The Past and Present Table

Kate Spade China in Larabee Road, Napkin Rings from Mrs. Howard's, and my grandma's Cambridge Crystal glasses in Rose Point.

The Past and Present Table: Kate Spade China in Larabee Road, Napkin Rings from Mrs. Howard’s, and my grandma’s 1935 Cambridge Crystal glasses in Rose Point.

Tradition never goes out of style.

When I was growing up, special occasions, birthdays, and holidays were usually spent at my Aunt Kay’s home. When it came close to dinner time, my cousins and I were called in to help set the table. We fell into our separate roles with ease. Susan would fill the glasses with ice, Brittany would lay out the beautiful linen placemats and folded napkins, and I would help with the silver.

I loved watching as Kay opened the mahogany silver chest with all the flatware gleaming against its velvet lining. I felt so special to be trusted to help with this part; it made me feel “grown up” which every girl loves. (Note, this feeling often went to my head and came out of my mouth, rightfully getting me into trouble with my mother on more than one occasion.)

Dorothy Draper

Dorothy Draper

Dorothy Draper, a doyenne of the interior design world, said,

“There seems to be within all of us an innate yearning to be lifted momentarily out of our own lives into the realm of charm and make believe.”

Those moments of laying out the silver and setting the table did that… and they still do. For those moments… for that dinner… we are lifted out of whatever life is currently challenging us with and into a world that has order and beauty.

Just as rooms should have a sense of history, so should your table. Even though I am many years removed from the little girl who helped my Aunt Kay with her silver, the innate yearning is still very much present. I love setting my table with my modern wedding china and the silver flatware on temporary loan from my mother, but the best part is adding the crystal glasses because they were my grandma’s.

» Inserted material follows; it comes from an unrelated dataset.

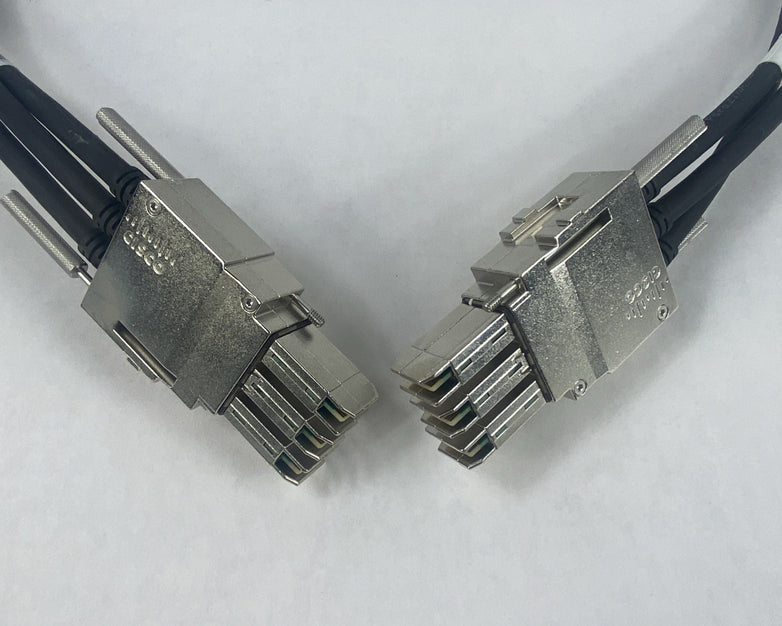 Cisco 800-40404-01 STACK-T1-1M Cable Lot of 5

Doris Wheeler wed James Evans, Jr. in 1935 in High Springs, Florida and they went on to have 3 children: James Evans III, Helen Kay, and Mary Elizabeth. Doris was known and loved by all for being a magnificent cook and for making her guests feel so special and so loved. Every time I set my table with her crystal glasses, Cambridge Rose Point from 1935, I feel like a part of her sweetness and her love is there with me. I think about how different the world was in 1935, about who loved her so much that they gave such a special wedding gift during the Depression, and about all the tables she lovingly set with her beautifully etched crystal.

Even though she is not here to sit at my table, in those moments, she is here and I am lifted momentarily out of this world.

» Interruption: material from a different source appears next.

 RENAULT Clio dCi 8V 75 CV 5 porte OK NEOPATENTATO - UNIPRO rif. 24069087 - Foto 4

The past and present table; Cambridge's 1935 Rose Point Crystal stemware

The past and present table; Cambridge’s 1935 Rose Point Crystal stemware

The past and present table is magical. I didn’t know it as a little girl, but that silver of my Aunt Kay’s that I so loved, was given to her with so much love. Grandma’s very best friend growing up was Helen Ward Swisher. My mom says that she herself was a teenager before she realized that “Aunt Helen” wasn’t actually one of the Wheeler sisters.  The two women, Doris and Helen, shared such a love and bond that Doris named her first born girl Helen Kay Evans, after her long time friend.

Beginning when my Aunt Kay was very young, “Aunt Helen” would give her a piece of silver for Christmas and her birthday. The pattern was “Enchantress” from the International Sterling Silver Company and was the same pattern that she herself owned.

I find no coincidence in the pattern name and the power of the present.

Even though I never got to meet “Aunt Helen,” her love is still here. It’s in the care and preparation with which Kay hosts occasions, it’s in her beautiful table our family gathers around to eat, and it’s in the “realm of charm and make believe” I was taken to each time Kay opened her silver chest and let me help her.

There is no better time than the holidays to set the past and present table because what it is REALLY all about is the feeling you get, whether you are setting the table or seated there. The past and present table is about the love that goes into it… and there is no better tradition than that.